TASK DESCRIPTION ::
Copy, from the data below, every line that has "Paraffin" in it.

Stored data
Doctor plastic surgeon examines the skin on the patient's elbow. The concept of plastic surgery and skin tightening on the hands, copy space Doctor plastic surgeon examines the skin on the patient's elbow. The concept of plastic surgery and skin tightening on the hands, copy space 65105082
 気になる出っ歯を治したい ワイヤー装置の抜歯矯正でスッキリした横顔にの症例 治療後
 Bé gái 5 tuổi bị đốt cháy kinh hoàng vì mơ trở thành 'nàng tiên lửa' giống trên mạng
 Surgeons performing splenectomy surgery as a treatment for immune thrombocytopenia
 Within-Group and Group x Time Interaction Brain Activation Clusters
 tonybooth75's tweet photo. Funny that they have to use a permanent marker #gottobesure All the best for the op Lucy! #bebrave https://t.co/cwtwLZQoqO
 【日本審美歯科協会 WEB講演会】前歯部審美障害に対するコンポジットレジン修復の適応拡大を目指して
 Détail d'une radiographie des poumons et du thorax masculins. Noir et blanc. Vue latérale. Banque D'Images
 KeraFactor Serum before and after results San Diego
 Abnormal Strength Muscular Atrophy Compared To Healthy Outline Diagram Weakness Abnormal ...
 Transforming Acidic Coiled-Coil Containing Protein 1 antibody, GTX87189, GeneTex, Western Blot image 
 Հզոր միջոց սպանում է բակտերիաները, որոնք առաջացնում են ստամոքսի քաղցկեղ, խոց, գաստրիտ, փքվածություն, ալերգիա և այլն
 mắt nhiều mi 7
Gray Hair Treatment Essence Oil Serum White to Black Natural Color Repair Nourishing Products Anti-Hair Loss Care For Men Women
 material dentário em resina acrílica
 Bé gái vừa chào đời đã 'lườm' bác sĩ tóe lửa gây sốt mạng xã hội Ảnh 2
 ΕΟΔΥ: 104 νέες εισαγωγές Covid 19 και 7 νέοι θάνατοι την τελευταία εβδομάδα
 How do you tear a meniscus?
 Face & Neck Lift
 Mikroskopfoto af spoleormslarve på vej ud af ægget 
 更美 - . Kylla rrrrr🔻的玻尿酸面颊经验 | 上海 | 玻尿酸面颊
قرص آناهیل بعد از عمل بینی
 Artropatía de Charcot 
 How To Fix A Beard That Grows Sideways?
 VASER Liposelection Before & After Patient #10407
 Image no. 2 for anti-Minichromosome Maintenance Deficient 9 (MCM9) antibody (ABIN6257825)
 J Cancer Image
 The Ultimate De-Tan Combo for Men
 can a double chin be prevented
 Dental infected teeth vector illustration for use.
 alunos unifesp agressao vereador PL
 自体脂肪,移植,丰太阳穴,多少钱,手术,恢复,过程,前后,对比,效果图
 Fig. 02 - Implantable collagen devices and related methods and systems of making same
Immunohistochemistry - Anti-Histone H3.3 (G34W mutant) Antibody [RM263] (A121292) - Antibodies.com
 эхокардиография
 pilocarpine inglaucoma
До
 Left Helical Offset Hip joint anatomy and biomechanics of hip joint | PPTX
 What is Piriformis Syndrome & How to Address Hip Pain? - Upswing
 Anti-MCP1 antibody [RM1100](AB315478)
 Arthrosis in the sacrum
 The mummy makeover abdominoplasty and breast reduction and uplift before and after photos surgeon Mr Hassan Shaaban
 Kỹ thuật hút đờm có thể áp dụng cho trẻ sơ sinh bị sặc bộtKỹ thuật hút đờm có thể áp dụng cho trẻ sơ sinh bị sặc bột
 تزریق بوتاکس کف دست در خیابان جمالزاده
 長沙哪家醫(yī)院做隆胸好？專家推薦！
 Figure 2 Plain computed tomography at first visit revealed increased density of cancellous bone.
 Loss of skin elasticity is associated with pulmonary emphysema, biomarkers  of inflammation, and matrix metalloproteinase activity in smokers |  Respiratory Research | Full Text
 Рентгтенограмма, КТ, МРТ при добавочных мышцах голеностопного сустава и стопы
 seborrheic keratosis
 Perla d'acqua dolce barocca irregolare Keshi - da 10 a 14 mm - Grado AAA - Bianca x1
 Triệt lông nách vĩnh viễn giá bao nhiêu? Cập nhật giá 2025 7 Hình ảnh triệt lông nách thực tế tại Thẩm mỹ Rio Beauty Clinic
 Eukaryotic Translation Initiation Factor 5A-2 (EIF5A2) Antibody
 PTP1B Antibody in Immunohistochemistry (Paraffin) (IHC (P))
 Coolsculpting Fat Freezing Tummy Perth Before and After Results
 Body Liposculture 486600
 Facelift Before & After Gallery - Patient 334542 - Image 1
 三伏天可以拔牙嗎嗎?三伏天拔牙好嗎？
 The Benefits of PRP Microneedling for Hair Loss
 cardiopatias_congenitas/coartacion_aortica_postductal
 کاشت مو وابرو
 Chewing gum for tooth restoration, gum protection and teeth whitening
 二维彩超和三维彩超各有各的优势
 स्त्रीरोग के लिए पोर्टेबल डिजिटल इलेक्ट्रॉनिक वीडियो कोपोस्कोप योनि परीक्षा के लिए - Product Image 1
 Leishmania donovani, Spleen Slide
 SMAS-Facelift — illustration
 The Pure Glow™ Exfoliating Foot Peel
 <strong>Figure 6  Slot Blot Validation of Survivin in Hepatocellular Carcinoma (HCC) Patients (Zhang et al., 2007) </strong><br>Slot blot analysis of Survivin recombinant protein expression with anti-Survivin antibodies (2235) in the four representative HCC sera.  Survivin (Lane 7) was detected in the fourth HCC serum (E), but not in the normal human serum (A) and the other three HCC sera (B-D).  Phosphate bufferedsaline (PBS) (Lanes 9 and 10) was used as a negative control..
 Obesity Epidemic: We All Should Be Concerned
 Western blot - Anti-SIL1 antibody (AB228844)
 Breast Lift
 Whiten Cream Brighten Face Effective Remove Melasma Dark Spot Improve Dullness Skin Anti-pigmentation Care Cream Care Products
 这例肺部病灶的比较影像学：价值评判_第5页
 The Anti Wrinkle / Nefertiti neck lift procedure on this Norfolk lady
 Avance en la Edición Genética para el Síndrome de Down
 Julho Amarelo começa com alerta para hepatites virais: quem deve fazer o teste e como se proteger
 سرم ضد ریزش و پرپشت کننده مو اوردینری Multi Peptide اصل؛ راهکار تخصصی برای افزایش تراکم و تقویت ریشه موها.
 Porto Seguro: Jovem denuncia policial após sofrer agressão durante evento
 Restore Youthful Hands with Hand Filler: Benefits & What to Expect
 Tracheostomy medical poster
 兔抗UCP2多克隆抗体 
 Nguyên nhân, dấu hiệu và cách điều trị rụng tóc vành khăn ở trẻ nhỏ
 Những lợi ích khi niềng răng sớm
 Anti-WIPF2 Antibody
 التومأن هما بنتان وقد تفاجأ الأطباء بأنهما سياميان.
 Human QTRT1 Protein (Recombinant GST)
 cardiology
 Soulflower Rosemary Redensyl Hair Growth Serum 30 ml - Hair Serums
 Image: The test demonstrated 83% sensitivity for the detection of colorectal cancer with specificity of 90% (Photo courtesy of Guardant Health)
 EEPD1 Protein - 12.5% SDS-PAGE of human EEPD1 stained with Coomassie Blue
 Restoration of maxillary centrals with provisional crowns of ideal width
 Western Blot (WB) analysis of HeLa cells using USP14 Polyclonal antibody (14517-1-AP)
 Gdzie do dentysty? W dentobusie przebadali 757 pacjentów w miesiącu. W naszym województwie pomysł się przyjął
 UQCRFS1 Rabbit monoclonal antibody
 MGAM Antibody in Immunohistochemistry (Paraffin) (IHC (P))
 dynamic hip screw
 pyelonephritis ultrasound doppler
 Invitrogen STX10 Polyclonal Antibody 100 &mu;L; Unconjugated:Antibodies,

RESPONSE ::
 PTP1B Antibody in Immunohistochemistry (Paraffin) (IHC (P))
 MGAM Antibody in Immunohistochemistry (Paraffin) (IHC (P))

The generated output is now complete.